Nous sortons de la salle en croisant plusieurs fidèles des « Repas Ufologiques », certainement restés sur leur faim car les OVNIS, pourtant omniprésents dans le légendaire de la montagne, n’étaient pas directement au menu. Pour ma part, la faim sera d’une autre nature : car toute cette affaire se résume simplement en deux affirmations : « D’après le calendrier Maya, la fin du monde est programmée pour le 21 décembre 2012. Seuls eux qui seront sur le Mont Bugarach seront sauvés ». Or de cela, il n’en n’a pas été vraiment question.

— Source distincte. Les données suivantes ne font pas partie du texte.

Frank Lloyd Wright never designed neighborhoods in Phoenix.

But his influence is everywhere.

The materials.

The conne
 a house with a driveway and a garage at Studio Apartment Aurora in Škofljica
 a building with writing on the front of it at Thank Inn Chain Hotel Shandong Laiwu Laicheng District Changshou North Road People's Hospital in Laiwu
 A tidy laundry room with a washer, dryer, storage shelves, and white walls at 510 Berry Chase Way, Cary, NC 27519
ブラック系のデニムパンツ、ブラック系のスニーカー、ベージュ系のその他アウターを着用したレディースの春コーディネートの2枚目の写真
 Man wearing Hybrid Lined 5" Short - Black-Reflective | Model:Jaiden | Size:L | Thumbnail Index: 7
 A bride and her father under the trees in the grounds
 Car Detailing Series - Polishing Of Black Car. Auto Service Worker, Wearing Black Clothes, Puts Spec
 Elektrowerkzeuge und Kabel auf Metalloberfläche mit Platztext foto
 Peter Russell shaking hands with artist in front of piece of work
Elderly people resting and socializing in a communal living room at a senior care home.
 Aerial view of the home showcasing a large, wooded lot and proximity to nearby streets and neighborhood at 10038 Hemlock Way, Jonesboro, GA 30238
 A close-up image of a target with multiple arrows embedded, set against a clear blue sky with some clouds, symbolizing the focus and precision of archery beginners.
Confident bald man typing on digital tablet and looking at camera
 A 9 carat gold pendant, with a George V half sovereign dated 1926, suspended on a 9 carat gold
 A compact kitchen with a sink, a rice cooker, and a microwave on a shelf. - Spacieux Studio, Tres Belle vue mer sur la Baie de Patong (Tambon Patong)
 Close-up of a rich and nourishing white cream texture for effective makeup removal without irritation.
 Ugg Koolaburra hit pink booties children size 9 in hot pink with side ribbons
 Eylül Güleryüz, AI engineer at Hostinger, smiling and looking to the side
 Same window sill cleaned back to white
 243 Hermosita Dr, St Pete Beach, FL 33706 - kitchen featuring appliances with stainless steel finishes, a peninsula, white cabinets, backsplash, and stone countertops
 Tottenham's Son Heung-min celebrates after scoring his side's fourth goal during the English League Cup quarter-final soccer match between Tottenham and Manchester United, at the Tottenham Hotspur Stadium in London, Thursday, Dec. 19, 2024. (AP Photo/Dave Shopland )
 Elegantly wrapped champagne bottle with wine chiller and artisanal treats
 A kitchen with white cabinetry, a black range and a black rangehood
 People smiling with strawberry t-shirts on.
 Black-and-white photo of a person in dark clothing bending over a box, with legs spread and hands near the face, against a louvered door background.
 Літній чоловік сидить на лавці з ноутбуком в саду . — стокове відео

Que dit le calendrier Maya ? Dans un récent article publié sur internet, Yves Lignon écrivait : Parlons en un peu de ce calendrier Maya. Comme tous ses pareils, il est basé sur la notion de cycle puisque la vie de la nature est cyclique. Sa structure est seulement plus complexe que celle que nous visualisons sur l'Almanach du Facteur. Sans doute est-ce la raison qui le rend un peu difficile à manipuler par les amateurs. Oui, d'après le calendrier Maya, un cycle est actuellement proche de s'achever mais, n'en déplaise aux auteurs d'erreurs de calcul volontaires ou non, proche, pour les Mayas, c'est l'an 2220 de notre ère. Et prière de ne pas s'imaginer que, rectification faite, nous ne disposons que d'un sursis de 208 ans pour mettre nos affaires en ordre. Le calendrier Maya ne présente nullement le cycle en question comme devant être le dernier de l'histoire de l'humanité.
Bon, et quant à l’autre assertion, je pense que leurs « inventeurs » doivent bien rigoler dans l’ombre. Ou peut être mettre au point leurs « stages de survie » pour exploiter l’incrédulité publique. On n’a pas fini d’en parler. Madame Rose, de Rennes-les-Bains, me disait la semaine dernière : « l’impact sur la région va être encore plus fort que celui déclenché par la publication du Da Vinci Code ». Elle n’a pas de soucis à se faire pour le remplissage de ses chambres d’hôte !

Et puisqu’on parle de faim, nous partons avec Marie-Thérèse de Brosses nous réconforter aux « Négociants », un excellent bar à vin du quartier des Gobelins.